Looks like a very clean start, man  That's a lot of work drilling the holes in the body. You deserve a nice bandsaw!
Also: That wenge fretboard


----------



## Knarbens (Mar 22, 2015)

Looks good! Very flowing shape.


----------



## pettymusic (Mar 22, 2015)

Nice specs man! Subbed!


----------



## DistinguishedPapyrus (Mar 22, 2015)

Thanks everyone for the comments!!!

So, I did get a couple lams done today. it went really well I think. 

I like to do most of my work on a 4" x 4" piece of lumber sticking out from my workbench, it makes it really easy to get to the piece from all angles, and that's whats going on in this pic. Hanging off the end of a 4 x 4 beam there's a marble slab with a sheet of tin foil to keep the marble clean, then the wood is clamped to the marble to help tension in as straight a glue joint as possible. I do each glue joint, one at a time this way if I can.





Here's the Wenge and maple glued up, with the walnut still attached. I do kinda think its a shame to cut the walnut off, but I originally glued it with Titebond 3, which I later learned is not best suited for this kind of job. All my other glue joints since then are Titebond original.

So there's no squeez out? Its been scraped off in preparation for milling down the maple to be flush with the wenge. I hope that goes well...

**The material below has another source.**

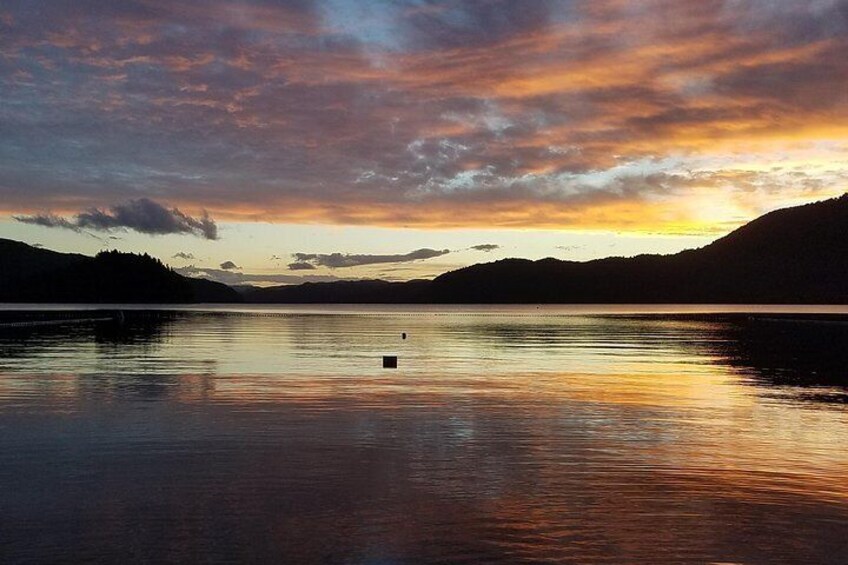 Un lac paisible au coucher du soleil, avec une petite bouée au centre et des collines en arrière-plan. 2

^ also, about the marks on the end. I cut my maple from one piece of lumber, then try to consider the orientation of each piece for the best stability, then just number and lable them accordingly so I don't mix them up.


----------



## rwupetui (Mar 23, 2015)

Looks good! Very flowing shape.


----------



## DistinguishedPapyrus (Mar 24, 2015)

awww yeaaa... got some more lams done!!!

Blasted off the walnut. Left as much wenge as possible.





I managed to get the maple flush with the wenge by making this fancy little jig. 

Prettymusic, you might be interested in this, I think its kinda like what you pm'ed me about if I read it correctly. Sort of a miniature joiner using a router table. I set the height so the bearing would ride the wenge and the bit shaved about 1/32" per pass.









Finally got it all glued up, it went nearly as well as I expected.









When I clamped up the last joint it shifted just a little bit, only like 0.04, but I still have to shave the whole blank front and back to level it and I have a total of 0.95" to work with.
I estimate that after leveling and flattening the blank its gonna be roughly 0.85", just BARELY enough to make it happen. I think I might wind up building up the heel with a little wenge cap on the back of the heel. 

I thought I'd throw this in, maybe I'll make it a point to do a time lapse of the progress on my messy man-cave floor. 





I got a long work week coming up so it'll be a few days before another update, that'll give the freshly glued neck blank time to settle.

BTW, sorry for making these things so wordy and step-by-step, but I like to write a thread keeping in mind that some lurking n00bs might be reading... after all that's kinda how I learned...


----------



## Renkenstein (Mar 24, 2015)

VERY nice work, bud! I love that body shape and the wenge!


----------



## DistinguishedPapyrus (Mar 24, 2015)

Thanks Renk, I designed this body over a year ago, this was the original:
http://i1359.photobucket.com/albums/q785/Schweet119/image_zpsfc745263.jpg

But I thought it needed a little something... I made the horns thicker, changed the heel shape and I took inspiration for the current tail shape from this guitar:
http://www.scottfrench.com/i/Finished%20Customs/Eddie%20Morin's%20SF3%20Singlecut%20Guitar/99_frontFull

I'm really digging it, but I'm contemplating giving the top some carving. I don't know if I should keep it full flat, forearm contour only of a full carve... hmmm...


----------



## Renkenstein (Mar 24, 2015)

oooOOOOooo...what happened to the original version? Did that ever get built? I see a body there...


----------



## DistinguishedPapyrus (Mar 24, 2015)

yeaaahhh... uh. I still kick myself sometimes over that guitar. It never got finished. It was one of my earlier attempts that I just take now as a learning/practice piece. Best body I had made up until that time. But I got impatient with the neck, (which of course had to be set neck construction) it turned to crap, after it was glued in. I messed up the headstock and scarf joint area. I tried to remove the neck from the body and messed the body up too. so... the whole project got scrapped.


----------



## Taylor (Mar 24, 2015)

DistinguishedPapyrus said:


> 22 fret
> 
> 22 fret
> 
> ...



I take issue with this! 22 frets are for posers! 24 fret Master Race!!! 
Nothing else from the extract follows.